▶ EXERCISE DESCRIPTION: Retype exactly what appears below from the line containing "Smoked Fish Noodle in Old Brine Sauce" down to the line containing "Milk-Carton-1 Men'S Graphic", keeping both end lines. Do not include pictures.

▶ INPUT DATA:
▼▼▼
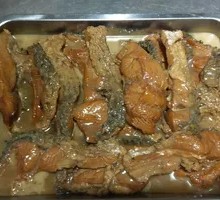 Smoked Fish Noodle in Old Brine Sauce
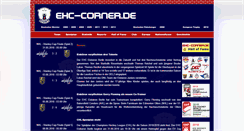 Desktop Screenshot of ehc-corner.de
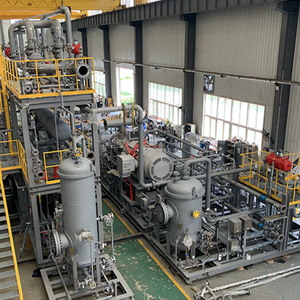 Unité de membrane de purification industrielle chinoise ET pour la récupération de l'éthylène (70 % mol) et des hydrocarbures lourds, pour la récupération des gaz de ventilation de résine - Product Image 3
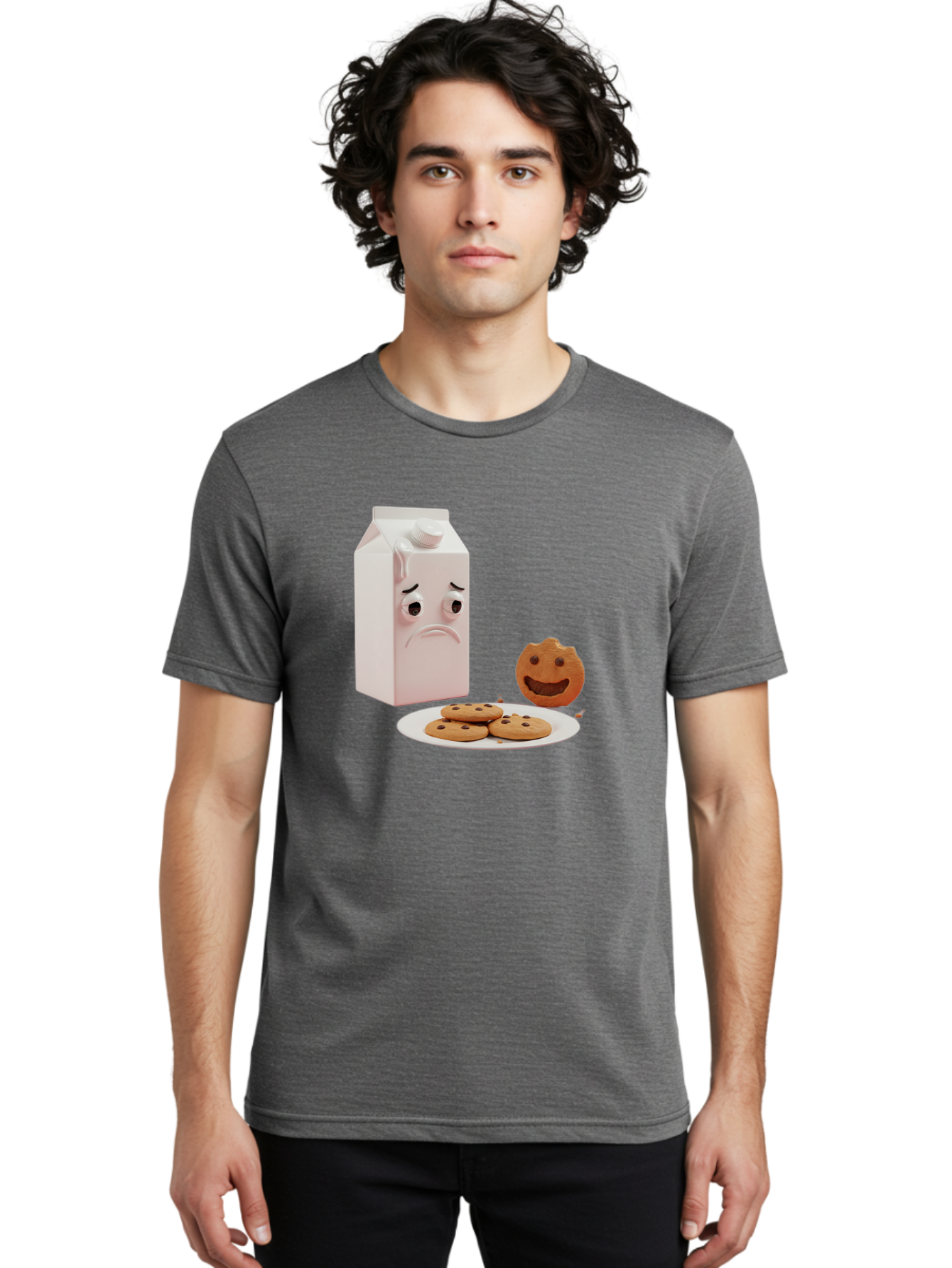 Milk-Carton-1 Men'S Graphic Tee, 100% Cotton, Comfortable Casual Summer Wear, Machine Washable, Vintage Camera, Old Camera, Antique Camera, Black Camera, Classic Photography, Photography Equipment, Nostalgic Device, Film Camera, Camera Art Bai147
▲▲▲
▼▼▼
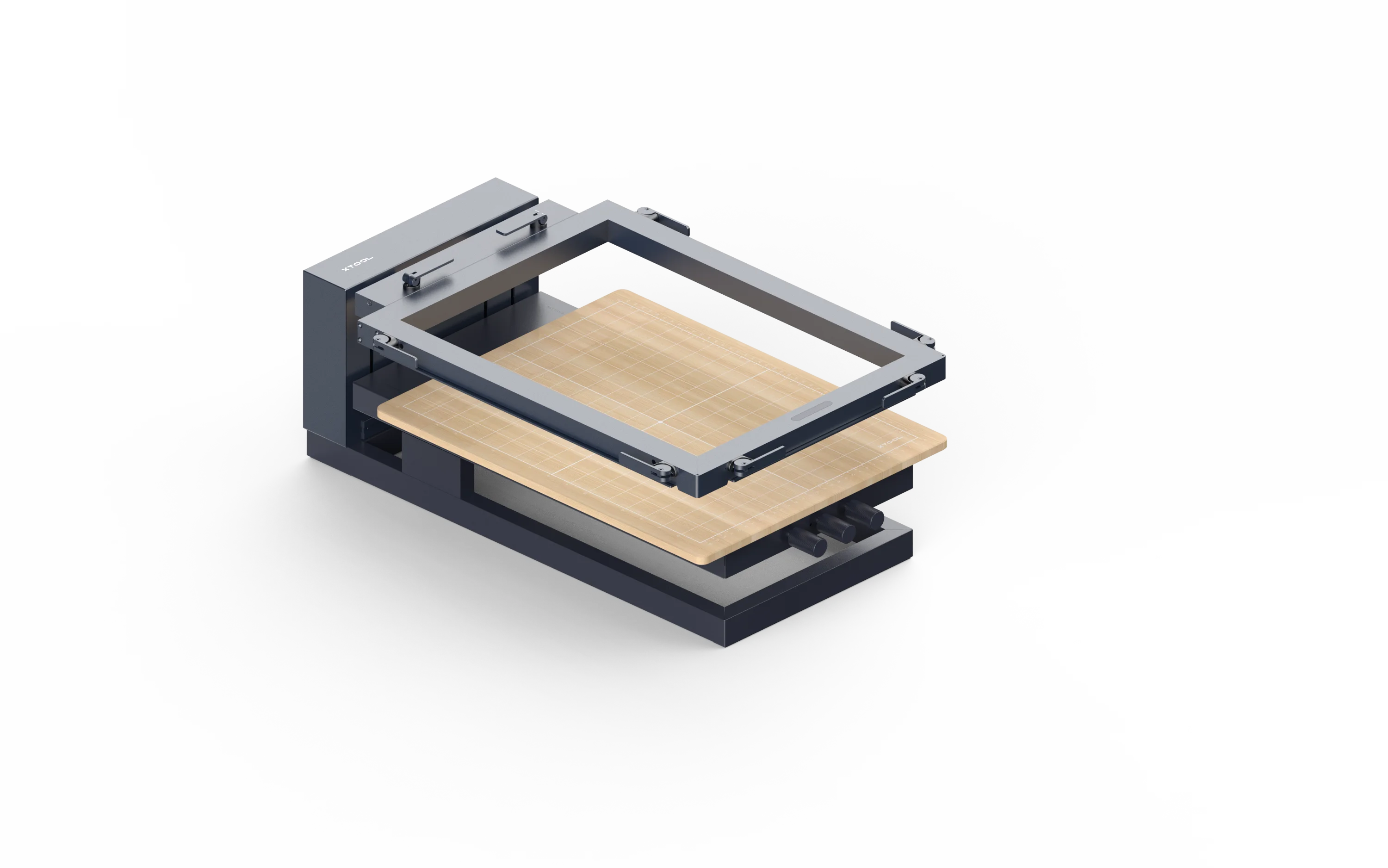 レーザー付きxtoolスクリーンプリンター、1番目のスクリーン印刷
▲▲▲
▼▼▼
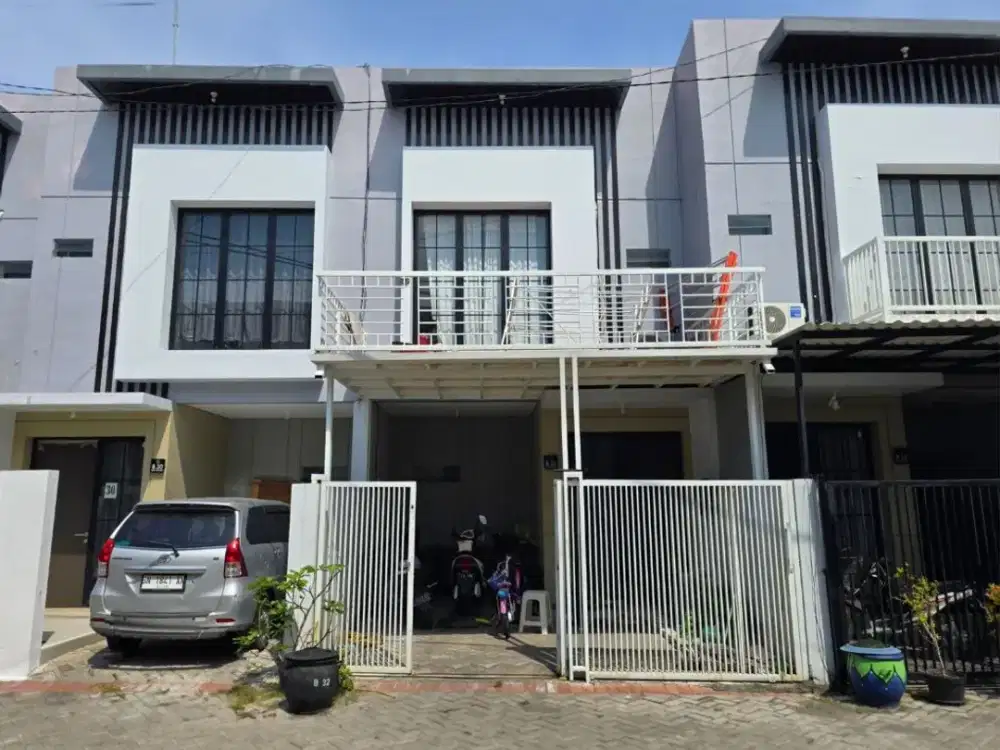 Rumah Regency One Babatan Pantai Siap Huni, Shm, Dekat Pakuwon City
▲▲▲
▶ YOUR SOLUTION:
 Smoked Fish Noodle in Old Brine Sauce
 Desktop Screenshot of ehc-corner.de
 Unité de membrane de purification industrielle chinoise ET pour la récupération de l'éthylène (70 % mol) et des hydrocarbures lourds, pour la récupération des gaz de ventilation de résine - Product Image 3
 Milk-Carton-1 Men'S Graphic Tee, 100% Cotton, Comfortable Casual Summer Wear, Machine Washable, Vintage Camera, Old Camera, Antique Camera, Black Camera, Classic Photography, Photography Equipment, Nostalgic Device, Film Camera, Camera Art Bai147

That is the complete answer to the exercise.